Columbia Gas files under Chapter 11, sending its debt on a roller-coaster ride.

Columbia Gas Systems Inc., after weeks of haggling with lenders, made good on its threat of bankruptcy yesterday, whispsawing the utility's junk bonds.

The Delaware-based gas utility said it was unable to re-establish a $1.2 billion credit line with its bank group, led by Morgan Guaranty Trust Co., after defaulting on $873.5 million of commercial paper and short-term note payments.

Columbia, a leading supplier of natural gas to utilities in the Northeast, stunned Wall Street in June with news that it faced as much as $1 billion of losses on take-or-pay contracts with its natural gas suppliers.

The bankruptcy filing, regarded by some Wall Streeters as a negotiating ploy to help settle the disputed gas purchase contracts, sent Columbia's junk bonds on a roller-coaster ride and prompted steep downgrades from major bond raters.

Columbia Gas's 10.50% debentures of 2012 initially plunged seven points on the news, to 73, only to rebound more than five points, to 78 1/2. Traders said few of the bonds, which are trading flat, or without accrued interest, actually changed hands. But bonds often to rise immediately after a company files for bankruptcy as investors jockey to pick up the securities at bargain prices.

Fitch Investors Service, Moody's Investors Service, and Standard & Poor's Corp. all sharply downgraded Columbia's debt on the news.

Standard & Poor's cut Columbia 11 notches, to D from BB, affecting about $2.2 billion of outstanding debt. Moody's, meanwhile, cut Columbia's senior debt to Caa from B1, while Fitch dropped Columbia to DDD from BB.

Ralph Peelecchia, who follows Columbia for Fitch, said the Chapter 11 filing was not unexpected.

"We anticipated the negotiations would be difficult," Mr. Pellecchia said. But "we have a DDD rating on the bonds, representing the highest potential for recovery" in the default category. Fitch rates defaulted bonds from DDD, representing the highest possibility for recovery, to D, representing the lowest.

Before the Columbia announced the $1 billion liability on its take-or-pay contracts on June 20, all of the major agencies rated the credit investment-grade.

All three said yesterday's filing will likely ease the way for debtor-in-possession financing and further negotiations with Columbia's gas suppliers.

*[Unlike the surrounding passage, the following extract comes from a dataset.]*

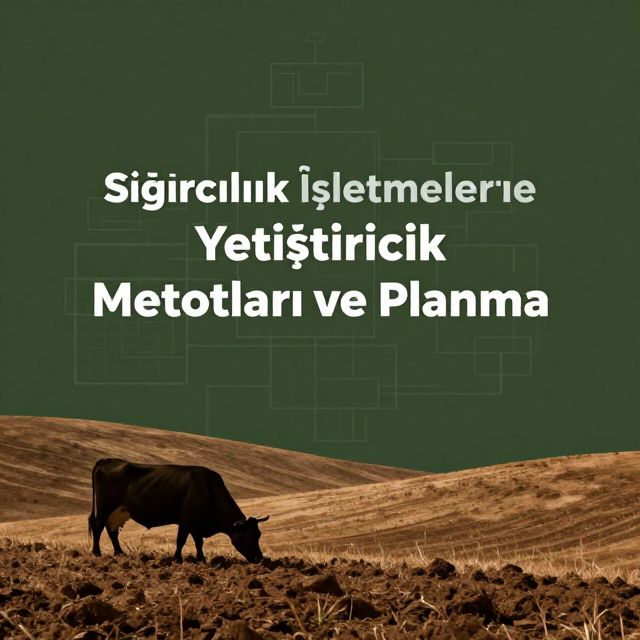Sığırcılık İşletmelerinde Yetiştiricilik Metotları ve Planlama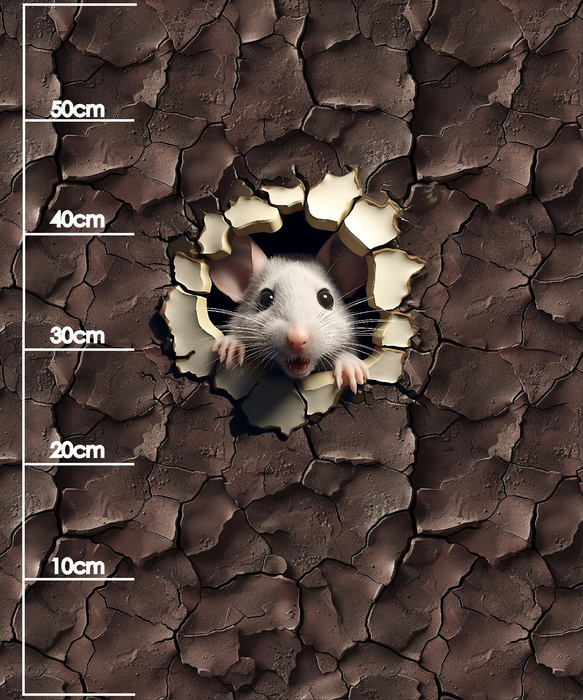 ANIMALS CRACKED wz.6 (MOUSE) - panel (60cm x 50cm)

Columbia has offered about $600 million to settle the more than $1 billion worth of contracts for gas at prices above the spot market. The contracts are signed with Columbia Gas's pipeline subsidiary, Columbia Gas Transmission Co.

Columbia Gas Systems Chairman John Croom yesterday said the filing may give the company more leverage in negotiations with bank lenders and gas suppliers. But he insisted that that was not Columbia's purpose for filing under Chapter 11.

Richard S. Barnett, industrial analyst at Mabon Securities, agreed the filing was not a great surprise, but conceded that until Tuesday he had given Columbia a fifty-fifty chance.

"The question was whether they could renegotiate their bank loans," Mr. Barnett said. "Apparently they haven't been able to."

Mr. Barnett said he expects the bankruptcy to last at least one year and that the bonds are likely to continue to trade down as the Chapter 11 progresses.

"The bondholders will not be getting coupons, so if you're depending on them for cash flow, you've got a problem," he said.

Most investment-grade corporate bonds advanced 1/8 point in light trading yesterday, while junk issues finished little changed.

Among the modest $300 million slate of new corporate and agency issues. American General Finance Corp., a unit of American General Corp., offered $100 million of four-year notes.

Working through a team led by Merrill Lynch Capital Markets, the company offered the noncallable securities as 8.10s to yield 72 basis points more than the interpolated three- and five-year Treasuries.

Standard & Poor's rates the issue A-plus; Moody's ratesit A1.

The burgeoning asset-backed securities market, already reportedly raising eyebrows at the Securities Exchange Commission, is now apparently raising concern at the Federal Reserve, as well.

Franklin Dreyer, soon to be vice president of the Federal Reserve Bank of Chicago, told Congress yesterday the market's growing complexity "makes it potentially more difficult to determine where the risk is and who has it."

In testimony prepared for delivery to a House banking subcommittee, Mr. Dreyer said, "The complexity of risks in this securitization process, coupled with the increasing pace of innovation, could make it difficult for banking organizations to liquidate some types of securities.

"More, increasingly complex ... guarantee arrangements can make it more difficult to monitor the risks associated with this activity," he said, adding," Adverse risk selection can weaken the credit underpinnings of the securitization process."